Julia Worthington has been a fundraiser for over 17 years and now runs her own consultancy. Operating in a number of positions for a variety of organisations, including as a fundraising volunteer for National Childbirth Trust, a sole fundraiser for The Railway Children and for The Prince's Trust. Julia is also a Trustee of an Academy High School.
Julia's experience has built up an extensive range of expertise and knowledge, as well as understanding of exactly how not-for-profit organisations work and the importance of great relationships with the supporters of your organisation, whether they are donors, volunteers or clients.
What are the unique challenges for CEOs of small charities?
I work with a lot of charities through the Lloyds Foundation; some of them as small as £250k turnover. The main thing is resource. I appreciate that bigger charities are under pressure as well, but as CEO of a small charity you have to do absolutely everything. I was sat in a meeting with one particular guy when his phone went; he rooted in his drawer, got out a toolbox and went to fix a leaky toilet! Whatever needed doing had to be done quickly and there was no one else to do it; he didn't have facilities management on site.
There is so much to think about: compliance, GDPR, recruitment, staff management, writing your own grant applications. CEOs of small charities have so many different things pulling them in different directions, which makes it really difficult to plan long-term.
For aspiring CEOs of small charities, what are the key attributes and skills it takes to be successful?
It's a bit like being a GP or a General Practitioner. You need to do a bit of everything and be very good at spinning multiple plates. Being a generalist is a vastly undervalued skill. You meet many people who can't do that and can only focus on one area at any one time. Having the breadth and depth to be analytical as well as a people person; being strategically minded and able to deliver operationally.

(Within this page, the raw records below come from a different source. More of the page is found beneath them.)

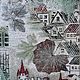 Заказать Картина  Воспоминания. Elena.artquilt. Ярмарка Мастеров. . Картины Фото №3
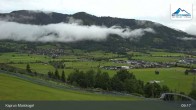 Archiv Foto Webcam Maiskogel (Kaprun) 08:00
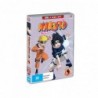 Naruto Uncut Collection 09 Eps 107-120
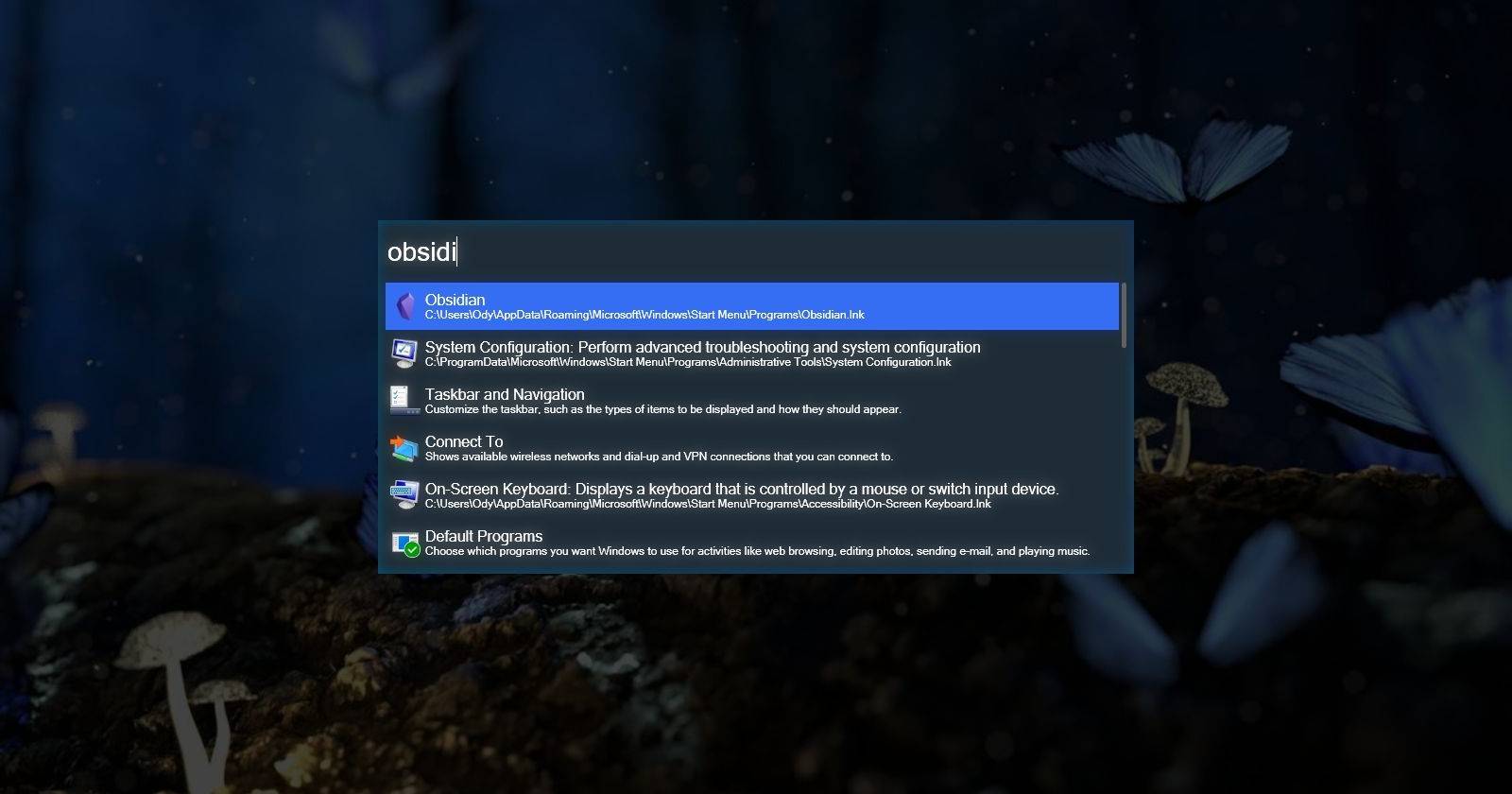 How to Launch Your Apps Instantly (and More) With Wox on Windows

For some CEOs of small charities, the challenge can be that the only way to achieve is to be very controlling and that doesn't work well for the team. It needs to be a careful balance between knowing what's going on, but empowering your team to get on with it. They need to feel that the Chief Exec has got their back, whilst also being able to make some mistakes because that's how we all learn. I have seen a couple of CEOs where that is a real issue for them and they just can't relinquish control.
Also, having trustees who are prepared to take some calculated risks is absolutely essential for small charities. If you have completely risk-adverse trustees, both you and they will both be stuck with no possible way to move forward.
Find a mentor, someone who has been there and done it, the IoF offers mentoring through their buddying scheme, and its free. People like me offer coaching and mentoring, coaching can be helpful as it challenges the individual as opposed to mentoring where the mentor offers their experience, it's a subtle difference but can mean profound changes to the way you think and work.
How can small charities futureproof in an ever changing charity landscape?
It is actually really difficult to futureproof. Thinking about Brexit, 18 months ago people would have said it won't happen. Then when it did happen, could anyone have predicted what that meant with the fall in the pound? How that would affect the confidence that businesses have, which affects our fundraising? There are so many different aspects to consider.
What works in all circumstances is good governance, alongside trustees with a variety of skills. These are the cornerstones and foundations from which everything else grows. There needs to be a proper skills audit so you know what you need. One aspect of good governance is having terms of reference for your trustees, which in turn means your trustees are with the charity for a fixed term and then move on, this way you always have fresh ideas, views and skills. This one small change can make a huge difference.
There needs to be a business strategy to ensure you know where you are going. Again, that can be difficult because we measure our fundraising on a year's performance. Dan Pallotta (TEDEx speaker and fundraising expert) often says that we are working with one hand tied behind our back, and I would agree with that. If you look at businesses, they work on 3-5 year plans and can operate at a loss for the first couple of years, providing they turn a profit by the third. We have to turn a profit on day 1 so that we can pay our staff and help our beneficiaries. The way we are judged is very different to the commercial world, which is why a robust business plan is even more important so that you know where you are aiming to be in 3 and 5 years' time.
Review the plan regularly in light of Brexit or cutbacks by the local authority. Have diverse income streams and don't just rely on one income source. Lots of charities have been caught short by funding cuts from the council, even when the warning signs were there. If you know you have a contract for the next three years, start looking now at bringing money in from regular givers, major donors, corporates, grants because it will take time to develop fundraising relationships. Start now!